TASK PROMPT. Give back the lines below exactly, but do not include any pictures.
----
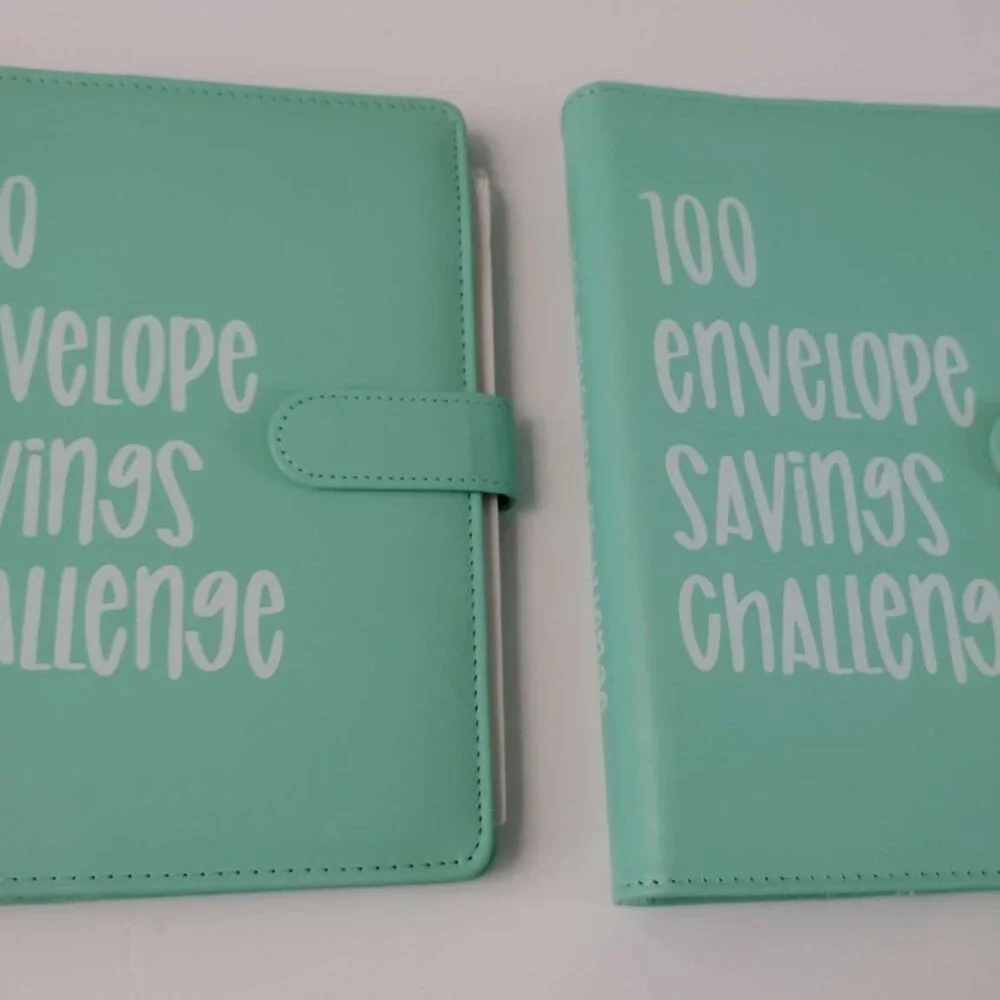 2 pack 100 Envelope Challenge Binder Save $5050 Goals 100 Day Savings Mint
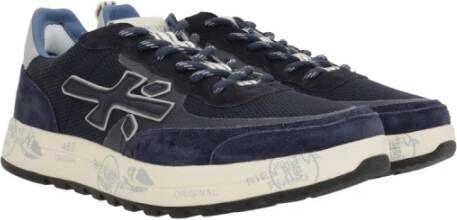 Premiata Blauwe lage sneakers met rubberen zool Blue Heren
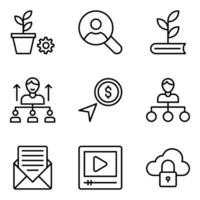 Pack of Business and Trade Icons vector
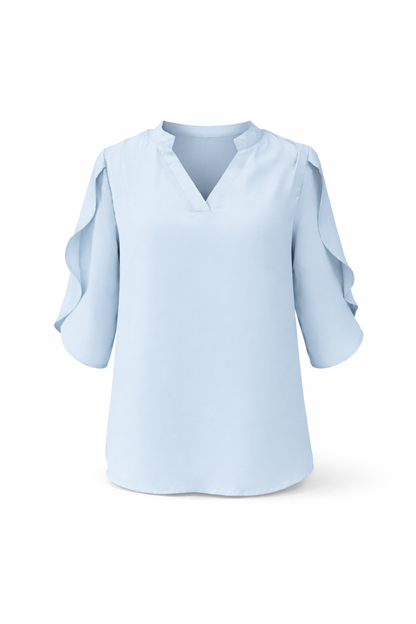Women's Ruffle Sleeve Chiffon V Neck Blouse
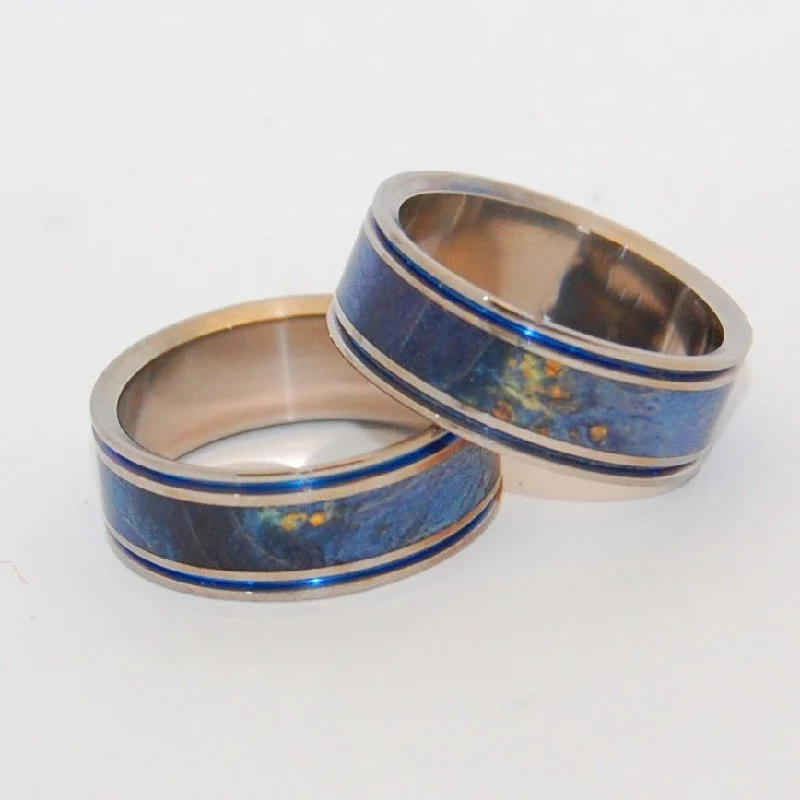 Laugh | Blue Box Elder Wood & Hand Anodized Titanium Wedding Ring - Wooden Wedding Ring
----
SOLUTION.
 2 pack 100 Envelope Challenge Binder Save $5050 Goals 100 Day Savings Mint
 Premiata Blauwe lage sneakers met rubberen zool Blue Heren
 Pack of Business and Trade Icons vector
Women's Ruffle Sleeve Chiffon V Neck Blouse
 Laugh | Blue Box Elder Wood & Hand Anodized Titanium Wedding Ring - Wooden Wedding Ring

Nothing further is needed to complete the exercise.